Ramzan Kadyrov, the leader of the southern Chechnya region who describes himself as a footsoldier of Putin, said he felt he had to speak out after the loss of the territory.

"In my personal opinion, more drastic measures should be taken, right up to the declaration of martial law in the border areas and the use of low-yield nuclear weapons," Kadyrov wrote on Telegram.

Other top Putin allies, including former president Dmitry Medvedev, have suggested Russia may need to resort to nuclear weapons, but Kadyrov's call was the most urgent and explicit.

Putin said last week he was not bluffing when he said he was prepared to defend Russia's "territorial integrity" with all available means, and on Friday made clear this extended to the new regions that Moscow has claimed.

Washington says it would respond decisively to any use of nuclear weapons and has spelled out to Moscow the "catastrophic consequences" it would face.

"WE'RE ALREADY IN LYMAN"

The Russian defence ministry's statement made no mention of its troops being encircled at Lyman, diverging starkly from Ukraine's version of events.

"The Russian grouping in the area of Lyman is surrounded," Serhii Cherevatyi, spokesperson for Ukraine's eastern forces, said hours earlier.

He said that Russia had 5,000 to 5,500 troops at Lyman but the number of encircled troops could be lower because of casualties. He confirmed Ukraine was inside the town later that afternoon.

"We're already in Lyman, but there are battles," he said.

Two grinning Ukrainian soldiers taped the yellow-and-blue national flag on to the "Lyman" welcome sign at the town's entrance in Donetsk region's north, a video posted by the president's chief of staff showed.

"Oct. 1. We're unfurling our state flag and establishing it on our land.

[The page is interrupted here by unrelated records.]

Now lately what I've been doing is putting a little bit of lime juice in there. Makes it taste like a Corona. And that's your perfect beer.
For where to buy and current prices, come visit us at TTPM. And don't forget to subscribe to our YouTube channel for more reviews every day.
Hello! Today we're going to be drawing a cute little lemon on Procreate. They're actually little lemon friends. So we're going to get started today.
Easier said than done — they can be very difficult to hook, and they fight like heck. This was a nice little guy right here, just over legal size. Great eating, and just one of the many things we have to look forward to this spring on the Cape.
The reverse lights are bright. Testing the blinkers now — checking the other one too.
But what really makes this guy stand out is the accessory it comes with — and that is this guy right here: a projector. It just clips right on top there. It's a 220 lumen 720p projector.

Lyman will be Ukraine," one of the soldiers said, standing atop a military vehicle.

Neither side's battlefield assertions could be independently verified.

LOGISTICS HUB

In his comments, Kadyrov launched a blistering attack on Colonel-General Alexander Lapin, the commander overseeing Lyman, who he derided as a "mediocrity". Kadyrov also said he personally had warned Russia's army chief, General Valery Gerasimov, of a looming disaster.

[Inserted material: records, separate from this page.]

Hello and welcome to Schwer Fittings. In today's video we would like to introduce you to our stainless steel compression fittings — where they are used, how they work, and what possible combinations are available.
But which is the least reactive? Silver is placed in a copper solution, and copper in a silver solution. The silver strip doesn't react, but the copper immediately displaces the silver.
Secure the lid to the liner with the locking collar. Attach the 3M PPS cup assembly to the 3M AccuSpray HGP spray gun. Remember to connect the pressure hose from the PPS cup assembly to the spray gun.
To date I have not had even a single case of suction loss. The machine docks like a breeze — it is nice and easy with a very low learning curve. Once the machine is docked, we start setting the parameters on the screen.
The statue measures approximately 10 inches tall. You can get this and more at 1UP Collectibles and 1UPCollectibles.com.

"The general assured me he had no doubts about Lapin's talent for leadership and did not think a retreat was possible in ... Lyman and its surroundings," he said.

Russia has used Lyman as a logistics and transport hub for its operations in the north of the Donetsk region. Its capture is Ukraine's biggest battlefield gain since a lightning counteroffensive in the northeastern Kharkiv region last month.

The Ukrainian military has said its capture would allow Kyiv to advance into the Luhansk region, whose full capture Moscow announced at the beginning of July after weeks of slow, grinding advances.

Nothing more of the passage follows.